The end goal for Terbine and City Zenith is, in David Knight’s way of thinking, to “take the pulse” of the city, to create a system that can convey its living, breathing rhythms. That will allow lay people and specialists alike to enter a virtual version of the city and to walk through it—much as Victorian adventurers would have roamed around in the cavernous, brick-lined tunnels of the new sewage systems built under the great cities of their day.

Last year, the Brooklyn Navy Yards began using the City Zenith/Terbine digital twin technology to ramp up its environmental efforts. Phoenix has also indicated it is interested in adopting it. When Ithaca, N.Y., recently declared its intention to become the first legally net-zero city in America, its leadership reached out to City Zenith to help them develop technologies that could make that goal a reality.

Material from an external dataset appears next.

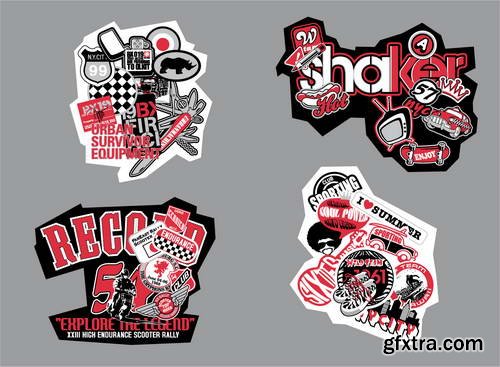 Printing Society - Ten Sport &amp; Street Collection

Then, late in 2021, Las Vegas announced that it too would wholeheartedly embrace the technology, signing a contract with City Zenith and with Terbine to create a realistic virtual version of the entire city. The city’s gamble was that it would be getting a head start on technology that, it believes, within a few years will be omnipresent around the world. At a side-event to the CES, Terbine, City Zenith and city leaders unveiled their plans to take the digital twin live.

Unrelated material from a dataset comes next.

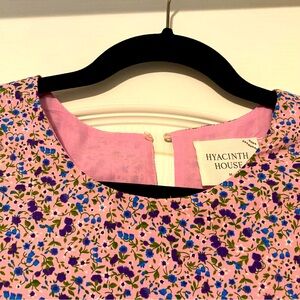 Hyacinth House dress from Tuckernuck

“It’s leading us down the road of the future,” argues Michael Sherwood. “I do see a vision where there is the ability to see the city as a living organism or a living ecosystem. And being able to modify things to improve the conditions of residents.”

Imagining the future is often a fool’s errand. But Las Vegas is certainly providing some hints as to what a not-too-distant future could look like. In a few years, with virtual reality technology added into the mix, it will be possible for Las Vegas to hire technicians who will spend a large part of their time inhabiting the digital twin, and, with help from AI systems and 5G networks, changing energy system distributions to make the usage of electricity far, far more efficient than it currently is.

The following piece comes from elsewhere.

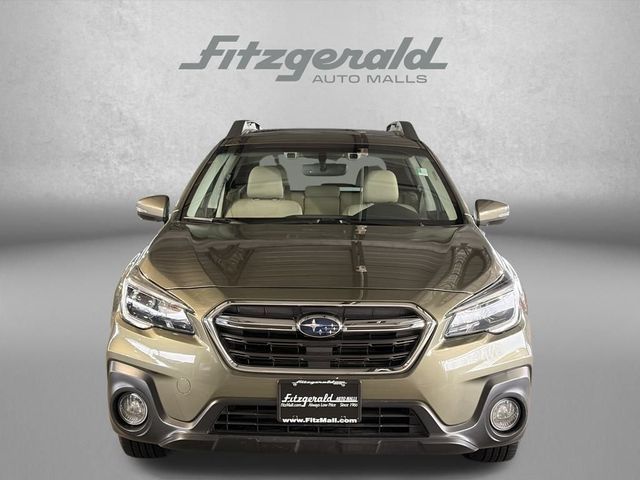 2018 Subaru Outback Limited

“Will the concept of the digital twin be central?” Michael Sherwood asks himself. “The answer is yes. We can bring in data from multiple sensors. You have the core ability to test theories and get a central outcome for how that is going to lower emissions. For example, you can close a street on the digital twin and see the traffic impact before in the real world you actually close the street. You will have a true lifeline or overview of how a city is functioning. This living eco-system—you’ll be able to see all aspects, which can lead to a better, cleaner, safer community.”

Jason W. Moore argues that, in the short term, these changes are likely to be simply cosmetic. Without a fundamental redistribution of power, he believes, no truly transformative ecological agenda can or will be implemented. In the longer term, he worries that even ostensibly benign virtual systems such as a digital twin could end up becoming part of a “totalitarian geo-surveillance and bio-surveillance state.”

Las Vegas’s city planners, however, have no such qualms. They have committed to massively reducing the neon city’s carbon footprint, and they can’t see a way forward to achieve this goal without the high-tech changes pushed by Knight and his team.

Sherwood believes that where Las Vegas goes, much of the rest of the world will soon follow. He sees digital twins being unveiled in many global cities over the next year or two, and argues that “within a seven-to-10 year period you’ll most likely see digital twins having major impacts on major aspects of a city: how it’s developed, laid out, how services are delivered.”

One day soon, Sherwood believes, digital twins will be as normal as police or fire departments.

“It’s going to definitely change the way that cities look at providing services to their residents and constituents,” says Ryan Smith. “To get to net zero, you need a collaboration of many technologies, including digital twin. It’s an important tool in the whole ecosystem.”